┌──
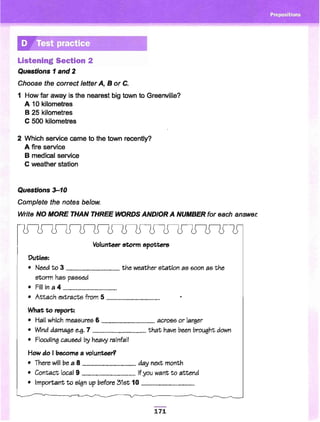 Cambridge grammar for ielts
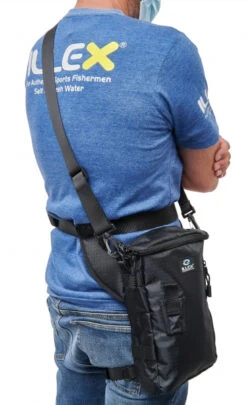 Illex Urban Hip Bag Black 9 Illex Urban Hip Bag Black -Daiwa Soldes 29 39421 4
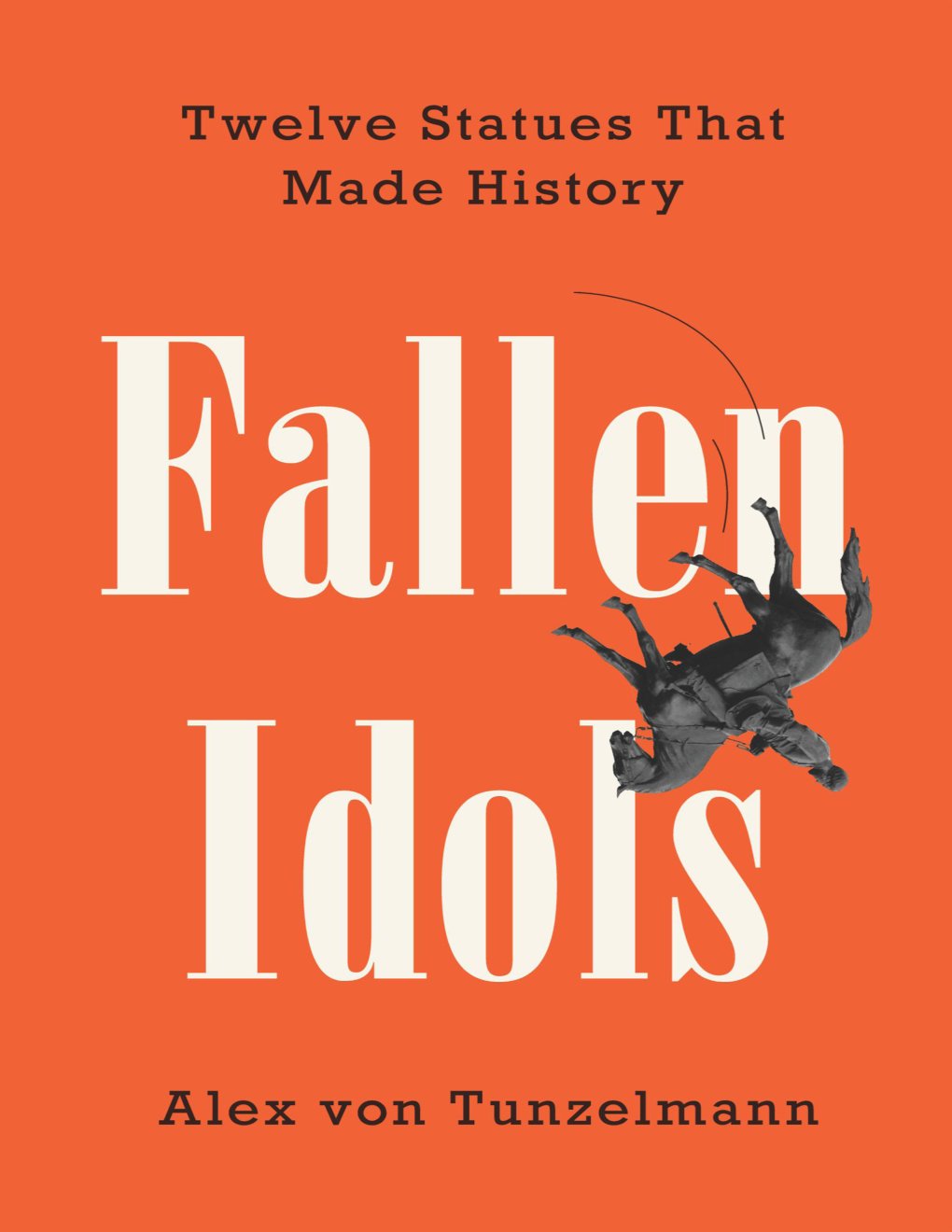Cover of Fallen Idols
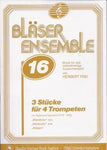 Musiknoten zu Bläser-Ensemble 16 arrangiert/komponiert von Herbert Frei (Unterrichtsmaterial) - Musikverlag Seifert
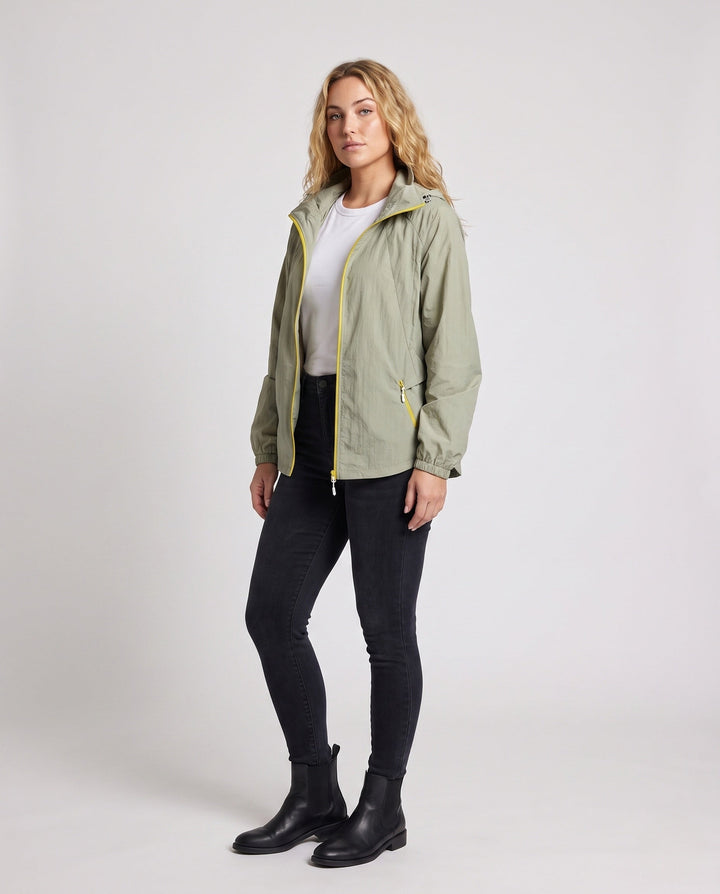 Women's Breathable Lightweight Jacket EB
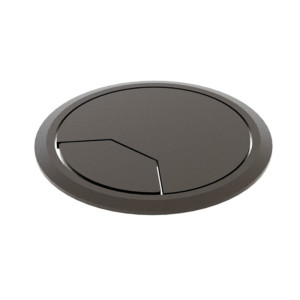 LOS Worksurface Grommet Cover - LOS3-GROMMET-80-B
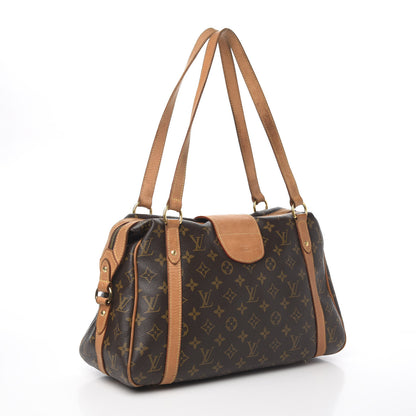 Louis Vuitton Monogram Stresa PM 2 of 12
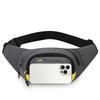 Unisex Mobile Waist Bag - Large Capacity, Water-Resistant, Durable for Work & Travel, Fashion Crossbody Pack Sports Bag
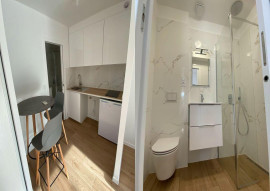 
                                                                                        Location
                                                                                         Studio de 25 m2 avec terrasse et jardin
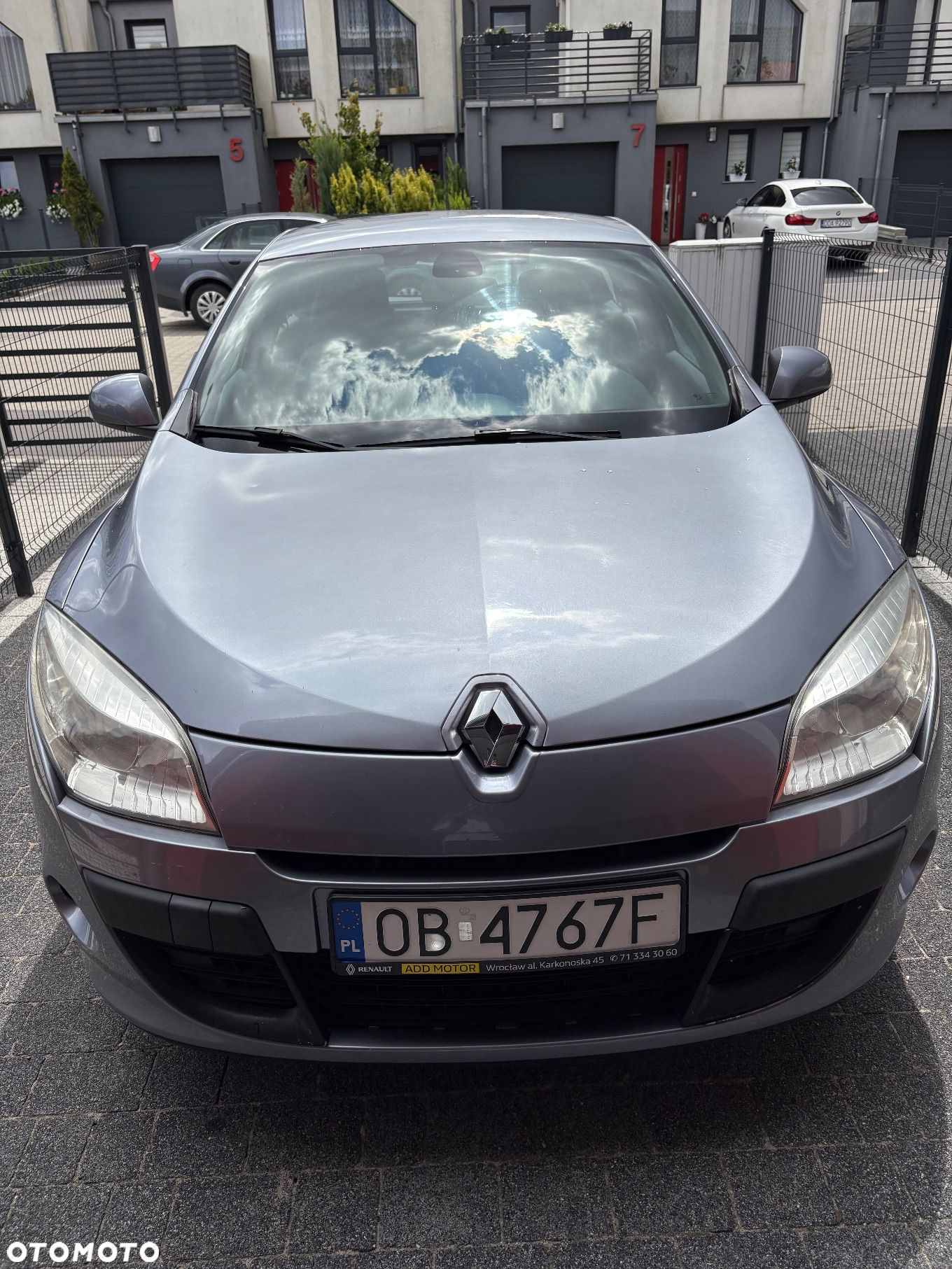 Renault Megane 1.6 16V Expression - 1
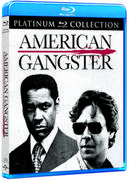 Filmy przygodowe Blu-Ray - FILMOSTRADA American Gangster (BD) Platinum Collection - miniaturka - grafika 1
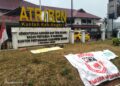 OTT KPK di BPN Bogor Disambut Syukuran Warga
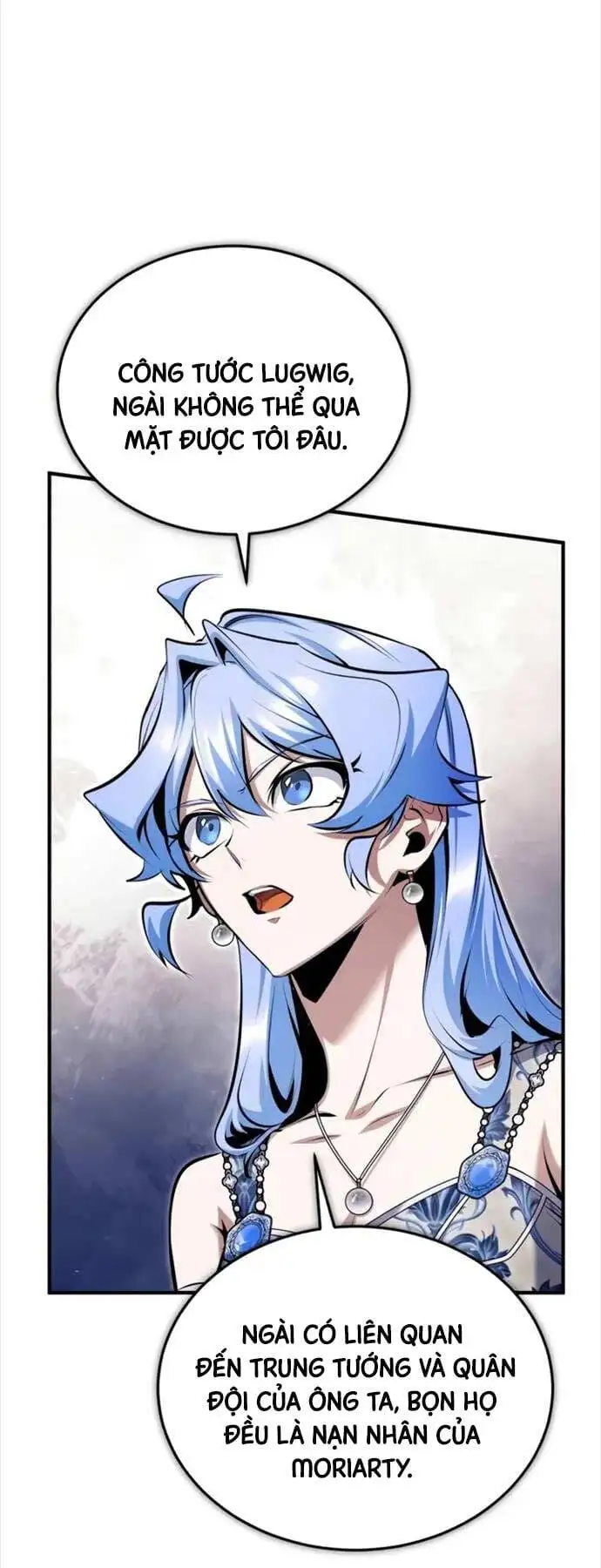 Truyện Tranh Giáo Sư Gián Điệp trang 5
└──
EXERCISE GOAL =
All of the records should be set down exactly, minus the pictures they hold.

RESULT OF THIS TASK =
 Cambridge grammar for ielts
 Illex Urban Hip Bag Black 9 Illex Urban Hip Bag Black -Daiwa Soldes 29 39421 4
Cover of Fallen Idols
 Musiknoten zu Bläser-Ensemble 16 arrangiert/komponiert von Herbert Frei (Unterrichtsmaterial) - Musikverlag Seifert
 Women's Breathable Lightweight Jacket EB
 LOS Worksurface Grommet Cover - LOS3-GROMMET-80-B
 Louis Vuitton Monogram Stresa PM 2 of 12
 Unisex Mobile Waist Bag - Large Capacity, Water-Resistant, Durable for Work & Travel, Fashion Crossbody Pack Sports Bag
                                                                                        Location
                                                                                         Studio de 25 m2 avec terrasse et jardin
 Renault Megane 1.6 16V Expression - 1
 Filmy przygodowe Blu-Ray - FILMOSTRADA American Gangster (BD) Platinum Collection - miniaturka - grafika 1
 OTT KPK di BPN Bogor Disambut Syukuran Warga
 Truyện Tranh Giáo Sư Gián Điệp trang 5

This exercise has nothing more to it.